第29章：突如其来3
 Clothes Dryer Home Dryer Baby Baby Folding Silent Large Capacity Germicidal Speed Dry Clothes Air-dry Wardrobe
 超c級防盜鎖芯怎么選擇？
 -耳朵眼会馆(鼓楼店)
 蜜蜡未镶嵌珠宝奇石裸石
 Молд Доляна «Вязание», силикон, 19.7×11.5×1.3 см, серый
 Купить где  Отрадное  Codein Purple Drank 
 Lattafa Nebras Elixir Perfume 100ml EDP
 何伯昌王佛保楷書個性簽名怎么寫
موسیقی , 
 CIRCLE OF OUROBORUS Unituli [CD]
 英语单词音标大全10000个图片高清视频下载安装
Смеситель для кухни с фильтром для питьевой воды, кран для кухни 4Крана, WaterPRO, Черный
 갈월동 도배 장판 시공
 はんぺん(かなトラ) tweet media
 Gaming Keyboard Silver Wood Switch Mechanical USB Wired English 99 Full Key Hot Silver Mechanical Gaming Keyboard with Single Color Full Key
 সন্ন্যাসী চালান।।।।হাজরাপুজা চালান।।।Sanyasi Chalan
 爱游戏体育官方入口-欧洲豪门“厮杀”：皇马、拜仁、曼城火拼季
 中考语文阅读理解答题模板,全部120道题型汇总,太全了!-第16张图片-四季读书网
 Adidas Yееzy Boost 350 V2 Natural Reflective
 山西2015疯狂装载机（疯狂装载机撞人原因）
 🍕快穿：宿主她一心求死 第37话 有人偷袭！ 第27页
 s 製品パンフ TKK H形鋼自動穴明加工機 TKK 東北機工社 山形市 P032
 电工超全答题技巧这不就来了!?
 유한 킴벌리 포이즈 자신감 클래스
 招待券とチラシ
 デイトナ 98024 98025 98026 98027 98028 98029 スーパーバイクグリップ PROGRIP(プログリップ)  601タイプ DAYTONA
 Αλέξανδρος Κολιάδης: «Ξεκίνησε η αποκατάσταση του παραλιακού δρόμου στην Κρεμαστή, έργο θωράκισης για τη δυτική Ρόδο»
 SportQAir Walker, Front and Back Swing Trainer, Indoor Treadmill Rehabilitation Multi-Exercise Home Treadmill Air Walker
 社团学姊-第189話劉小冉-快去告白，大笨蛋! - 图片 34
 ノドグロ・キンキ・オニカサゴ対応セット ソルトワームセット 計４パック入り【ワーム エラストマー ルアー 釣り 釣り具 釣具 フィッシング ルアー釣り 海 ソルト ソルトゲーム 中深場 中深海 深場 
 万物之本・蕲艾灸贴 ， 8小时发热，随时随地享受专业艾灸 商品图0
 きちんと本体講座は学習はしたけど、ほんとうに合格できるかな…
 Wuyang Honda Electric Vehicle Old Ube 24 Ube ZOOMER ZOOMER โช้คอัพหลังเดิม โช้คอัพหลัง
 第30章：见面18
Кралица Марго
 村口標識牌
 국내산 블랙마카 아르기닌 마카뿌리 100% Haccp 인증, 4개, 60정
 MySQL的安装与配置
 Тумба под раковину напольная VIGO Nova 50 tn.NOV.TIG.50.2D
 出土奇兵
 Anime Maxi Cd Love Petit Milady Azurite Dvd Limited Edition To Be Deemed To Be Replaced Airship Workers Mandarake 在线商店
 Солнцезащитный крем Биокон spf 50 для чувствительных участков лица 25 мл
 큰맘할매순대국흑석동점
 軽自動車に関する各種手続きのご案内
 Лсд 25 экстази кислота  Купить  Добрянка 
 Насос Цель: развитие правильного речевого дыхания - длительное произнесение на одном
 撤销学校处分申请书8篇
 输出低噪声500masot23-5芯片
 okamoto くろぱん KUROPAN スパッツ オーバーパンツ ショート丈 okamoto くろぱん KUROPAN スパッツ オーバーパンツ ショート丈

About this task » A copy of each line above that holds the word "Купить" is the expected answer.

Solution to this task »
 Купить где  Отрадное  Codein Purple Drank 
 Лсд 25 экстази кислота  Купить  Добрянка 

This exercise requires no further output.